Hi, I (currently) work for a company that provides outsourced tech support to various international companies.

The customer for the desk that I work on has decided to insource the tech support for commercial reasons. The jobs (23) will be moving to the UK.

They are claiming that TUPE does not apply, and my company are claiming that it does, and there are legal arguments going on, to decide which is correct.

There are a number employees that would not be in a position to work in the UK, should TUPE apply (maternity leave/single parent).

We have been informed that if you opt out of TUPE, there was a high court judgment, that this is deemed as resignation, and you would not be entitled to any redundancy payment.



> If a contract of employment is terminated because the transfer involves a  substantial change in working conditions to the detriment of the  employee concerned, the termination will be deemed to have been effected  by the employer


By the jobs moving to the UK, could we argue that there is a substantial change, to our detriment, or is there grounds for some sort of unfair/constructive dismissial claim?

TIA.


----------



## robbie00 (20 Feb 2011)

Hi,

I had the option last year of TUPE to another company providing technical support or to take the redundancy. You do not have to automatically accept the TUPE option no matter what either of the companys are telling you.
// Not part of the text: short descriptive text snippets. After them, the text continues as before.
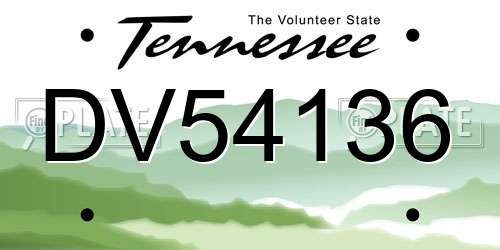 DV54136 Tennessee License Plate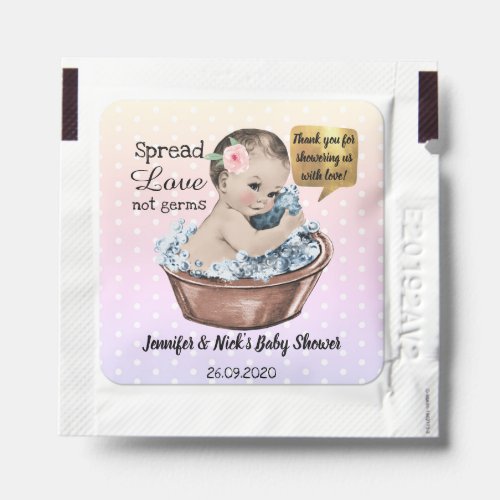 Vintage Cute Girl Baby Shower Favors Personalise Hand Sanitizer Packet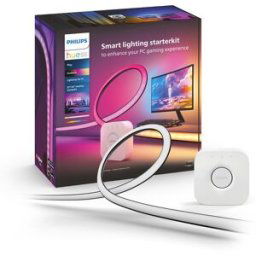 Philips Kit de inicio Tira de luces LED Hue Play Gradient para PC - 32-34' + Hue Bridge. Blanco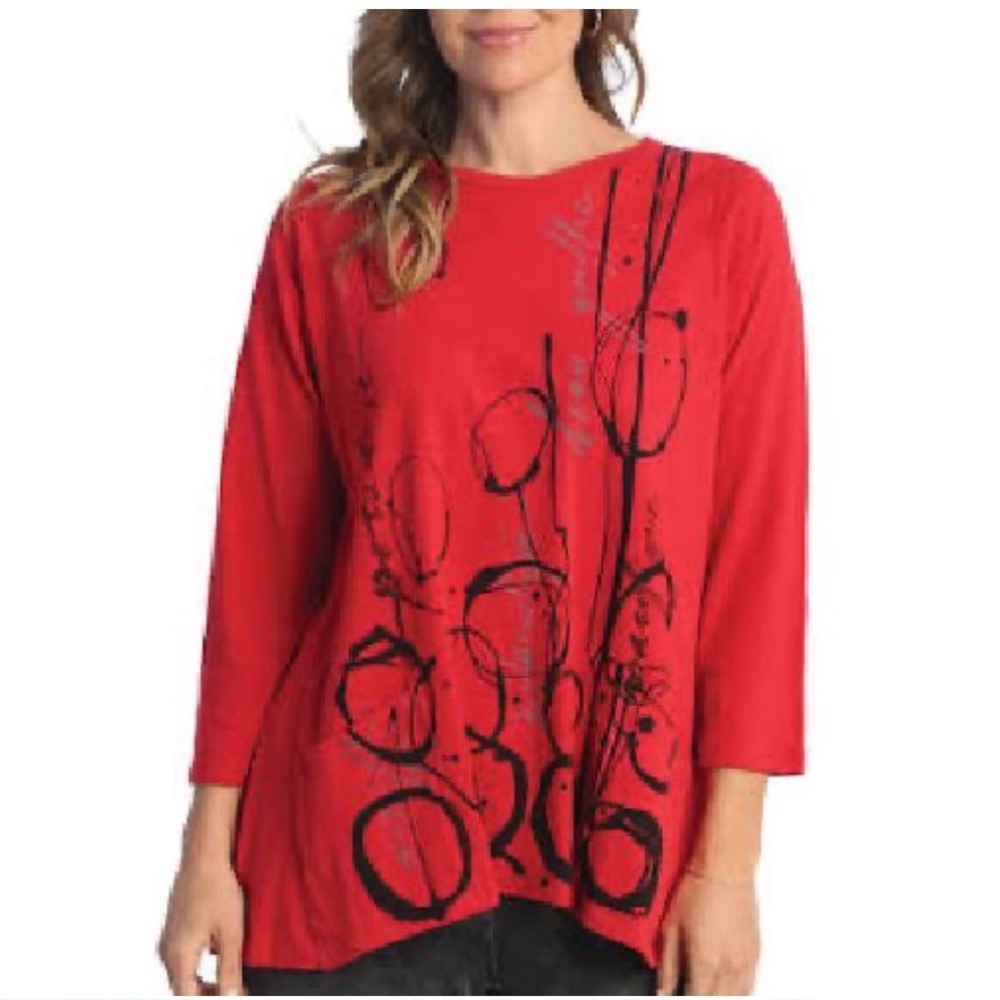 NEW Jess & Jane Red Abstract Graphic Print 3/4 Sleeve Cotton Tunic Top Small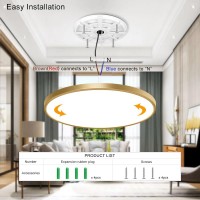 Fletergib 157Inch Gold Flush Mount Ceiling Light Fixture 3000K Warm White 32W 3800Lm Bright Led Ceiling Light Flat Round Lig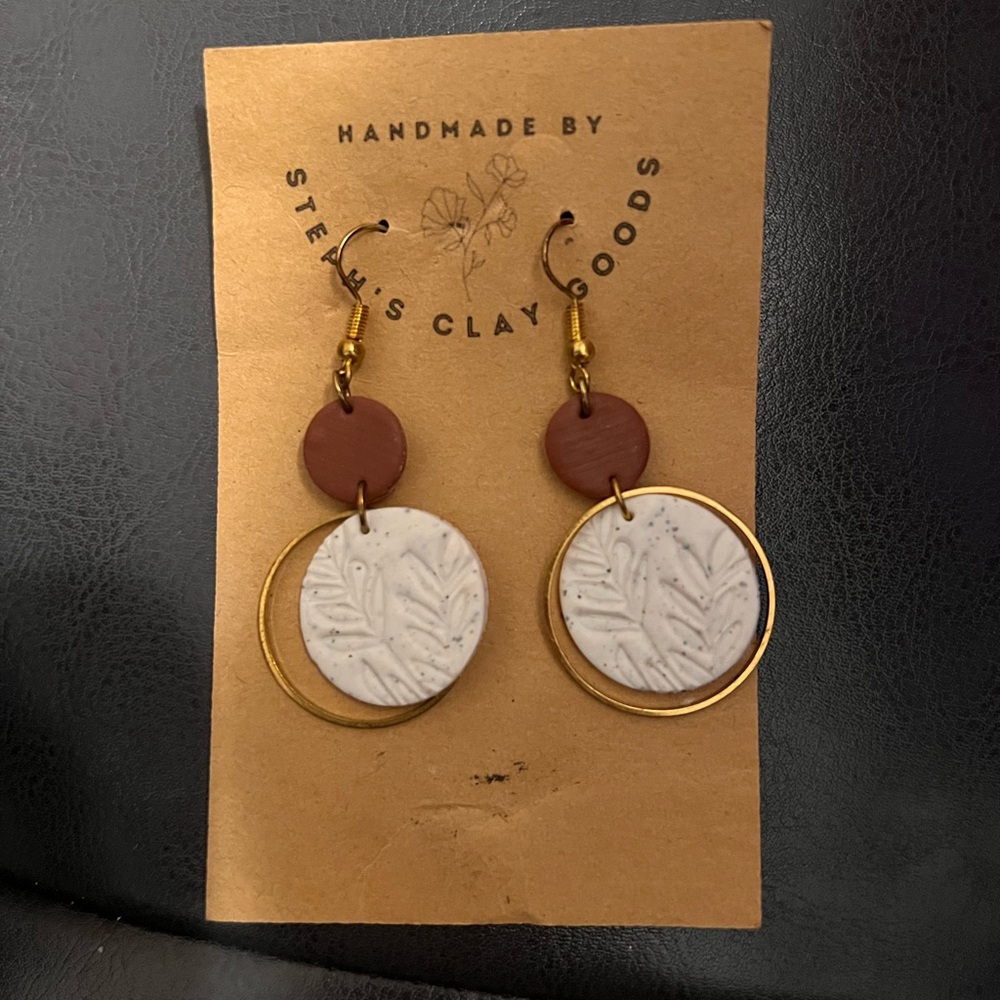 Gold Accented Clay Earrings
I took the redundancy option as it suited myself. Pick whichever you want to do and dont let them dictate to you what you should do.

Regards,
Rob


----------



## kierank01 (21 Feb 2011)

robbie00 said:


> Hi,
> 
> I had the option last year of TUPE to another company providing technical support or to take the redundancy. You do not have to automatically accept the TUPE option no matter what either of the companys are telling you.
> 
> ...




Thanks Rob, I would appreciate if you could be specific on dates (please PM me if you don't want to post the details publicly), as our employer is saying that the law has changed(2 years ago), and that to opt out of TUPE, would constitute a resignation, and no redundancy would apply.


----------



## Mpsox (21 Feb 2011)

Your're employers are correct in that there was a legal decision in the High Court involving a company called Symantic Ltd. Previously an Employee Appeals Tribunal had held that if staff members did not want to transfer over, then they could stay with their existing employer, who, if they had no suitable positions, would then be liable for the cost of redudancy.. The High court overturned this.

Given the circumstances of your position, ie, that the transfer is occuring because your customer is taking the service in house and that the offer of alternative employment means going overseas, you need to get the advice of a good HR lawyer on this as there may be different interpetations of TUPE in the UK and in Ireland


----------



## robbie00 (21 Feb 2011)

I was with a very large financial company up until last year when I was offered the option of TUPE and if I didnt accept this I would be deemed to ahve accepted the redundancy terms. 

In Ireland you have the choice to Tupe or not to Tupe. In England the law is different if you have an option to Tupe you must accept it or resign there is no redundancy. 

So from what I know of the process and what I was advised by my trade union9who were legally advised) you would be entitled to take redundancy if you didnt opt to Tupe.

Regards,
Rob


----------



## ggalrossy (21 Feb 2011)

robbie00 said:


> I was with a very large financial company up until last year when I was offered the option of TUPE and if I didnt accept this I would be deemed to ahve accepted the redundancy terms.
> 
> In Ireland you have the choice to Tupe or not to Tupe. In England the law is different if you have an option to Tupe you must accept it or resign there is no redundancy.
> 
> ...



Correct, your well protected with the Irish Laws and their application wrt your current situation. Of what you have said was possible, you'd have many more companies moving abroad saving redundancy payments through forced resignation and allowing them to avail of irish aid grants with the intention of moving once established.


----------



## kierank01 (27 Apr 2011)

If anyone is interested, we got the help of the CWU, and we fought with and came to a compromise with our company, that the tupe rules could not be applied, that they would make us fully (properly) redundant, which is all we wanted.


----------



## Majex (10 Jun 2011)

MPSox is right.  Its not that the Law changed but that the Judge clarified the existing TUPE regulations.  He said that if you refused to move then you were resigning.

It seems that the employer does not have to offer redundancy as it shouldnt be available in a resignation scenario.


----------